Le rôle de l'actionnaire principal réside, tel que je l'ai vécu, dans une vision partagée, avec Vincent Bolloré, de la capacité pour un acteur français de faire rayonner la culture française et européenne à l'international, ainsi que de l'opportunité de marché ; une volonté de croire en la culture, seule alternative crédible face à l'hégémonie culturelle américaine - que l'on aime beaucoup par ailleurs. C'est la première chose : cette conviction partagée et la volonté de construire un acteur industriel qui pèse au niveau mondial et qui fait rayonner nos talents, notre histoire et notre patrimoine, dans lesquels nous investissons de plus en plus, et localement notamment en Europe, avec Canal+ et Studiocanal.
La deuxième vertu du rôle de l'actionnaire, de mon point de vue de salarié, est ce que Vincent Bolloré a évoqué pendant son audition, à savoir le temps.

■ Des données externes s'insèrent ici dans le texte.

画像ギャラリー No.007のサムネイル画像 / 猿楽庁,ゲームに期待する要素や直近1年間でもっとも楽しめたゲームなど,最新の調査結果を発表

Chez Canal+, nous avons la chance de ne pas être soumis à la loi quasi quotidienne du cours de la bourse. Ce temps est crucial. Cela favorise les investissements de long terme, permet de résister à des événements ponctuels et de prendre des risques : un film nécessite trois ans d'investissement, une série, comme le Bureau des Légendes, nécessite cinq ans.
Le principal frein normatif à notre développement dont je parlais déjà en 2016 réside dans notre incapacité à détenir des droits audiovisuels. Hélas la nouvelle loi du 25 octobre 2021 relative à la régulation et à la protection de l'accès aux oeuvres culturelles à l'ère numérique a conforté les producteurs. Nous finançons 80 % à 90 % des coûts de fictions dont nous ne possédons aucun droit qui sont réservés aux producteurs ! Cela pose deux problèmes : notre capacité à offrir en France, marché où nous finançons ces séries, des droits un peu plus longs. La durée de ces droits a été encore réduite avec la nouvelle réglementation. Il nous est par exemple arrivé de n'avoir plus les droits de la saison 1 de Bureau des Légendes lorsque nous souhaitions proposer la saison 3 et donc de devoir refinancer une série que nous avions financée.
Faute de pouvoir détenir les droits des séries que nous avons financées en France pour les territoires hors de France, le rayonnement international des oeuvres françaises se trouve freiné. Ainsi, Versailles est un Netflix Originals aux États-Unis. Et Canal+ lui ne peut pas exploiter ses séries à l'international, sauf à se contorsionner et trouver des accords très compliqués par ailleurs. À cet égard, le groupe Canal+, le seul opérateur français à avoir cette ambition globale et présent dans cinquante pays avec une forte ambition de développement à l'international, se trouve dans une situation unique.